In the Psychologist this month Christian Jarrett tells us 10 things about the placebo effect, which I will summarise here:
- It works even when you know it’s a placebo!
- Colours and branding help e.g. blue placebo pills make better sedatives than pink ones…
- Some people are more prone to it e.g.optimists (especially with analgesics).
- Some doctors are better at inducing it than others e.g. ones who are warm and friendly.
- It’s not just about pills and pain relief e.g. certain smells can make people feel and be more creative if they are told it does that…
- If you are told you have slept well you will be more alert the next day even if you have not slept so well….
- If you are told that you exercise more than your peers, you have better health outcomes even if you haven’t…
- The opposite of course is the nocebo effect – so be careful about reading the side effects on your medications!
- Expressive writing improves mental health even when the trauma is a made-up one….
- The effect appears to be getting better i.e. more of an effect can be contributed to placebos in trials and this has changed between the 90s and 2013…

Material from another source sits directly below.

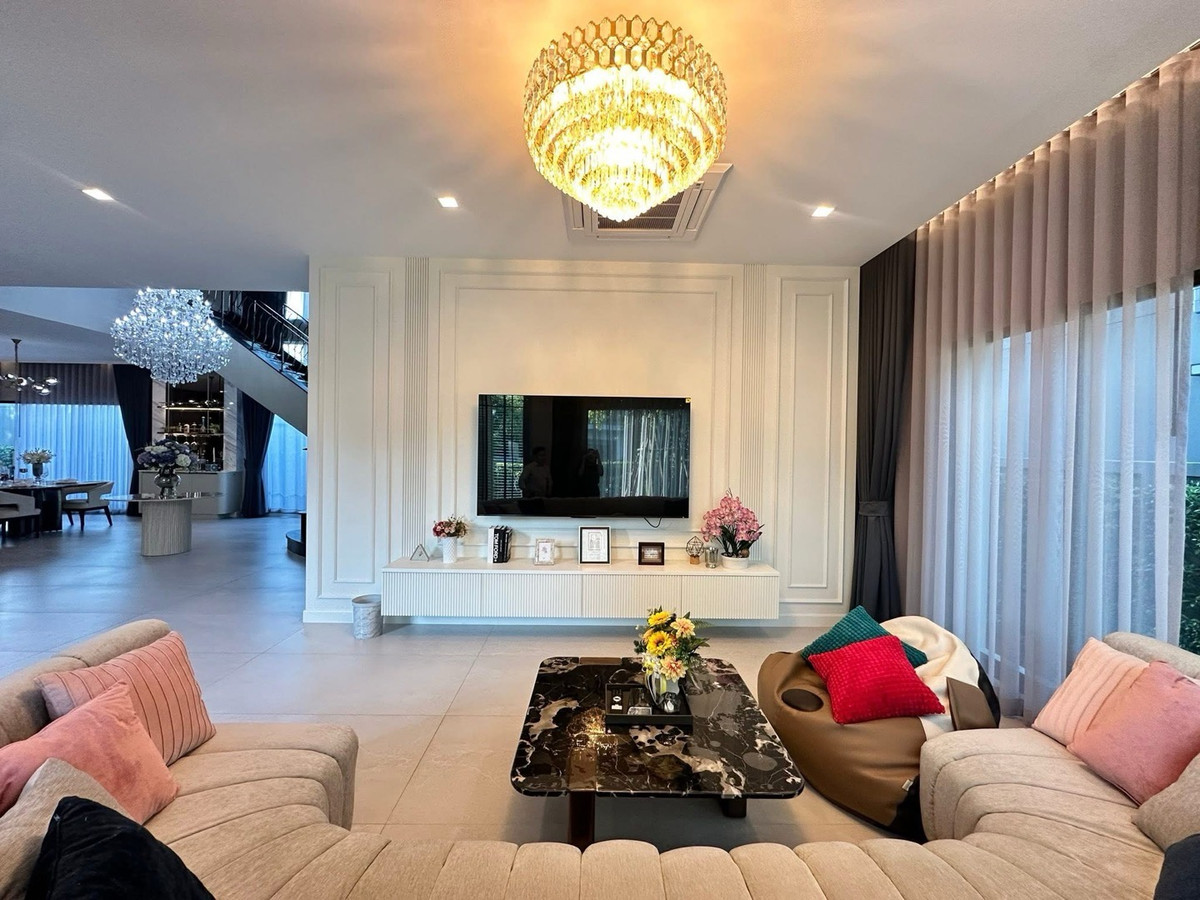 For RentHouseLadkrabang, Suwannaphum Airport : FOR RENT BANGKOK LUXURY HOME BY GRAND BANGKOK BOULEVARD KRUNGTHEP KREETHA PROJECT • NEAR INTERNATIONAL SCHOOL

When I was about 7 years old my mother tested me, by asking me what I would like to do with the last piece of chocolate cake and I surprised her by saying I would chop it in half and we would have half each. She was touched by this answer, so she let me have the whole slice. I then broke it in half and ate the dry bit first and the creamy bit second, which is what I usually did…So maybe I was quite good at delaying gratification? Obviously it would be more complicated now, as I would have to choose between the slice of chocolate cake or getting into my jeans! Researchers think this is partly to do with our genes i.e. how much self-control we have….
For the past four decades, the “marshmallow test” has served as a classic experimental measure of children’s self-control: will a child eat one of the fluffy white confections now or hold out for two later? This behavioural experiment was first carried out in the 60s at Stanford Uni, in the USA, by the psychologist Mischel and colleagues. Over a period of time following the children into adulthood, they found that the ones who delayed gratification were often more successful in their lives – better at passing exams etc and the men were probably better lovers! They have repeated the tests recently and found that it is not just down to the children’s personality traits, but also down to the environment i.e. the children who were in the group with reliable researchers who kept their promises were able to hold out for 9 mins longer than the ones who had been let down….therefore as parents we should be consistent with our children.
The funniest part of the experiments, I found, were the activities the children did while waiting: dancing, singing, napping, drawing and even sitting on the marshmallow. so that it was out of sight! Which is why I don’t keep chocolate cake in the house, unless it’s my birthday!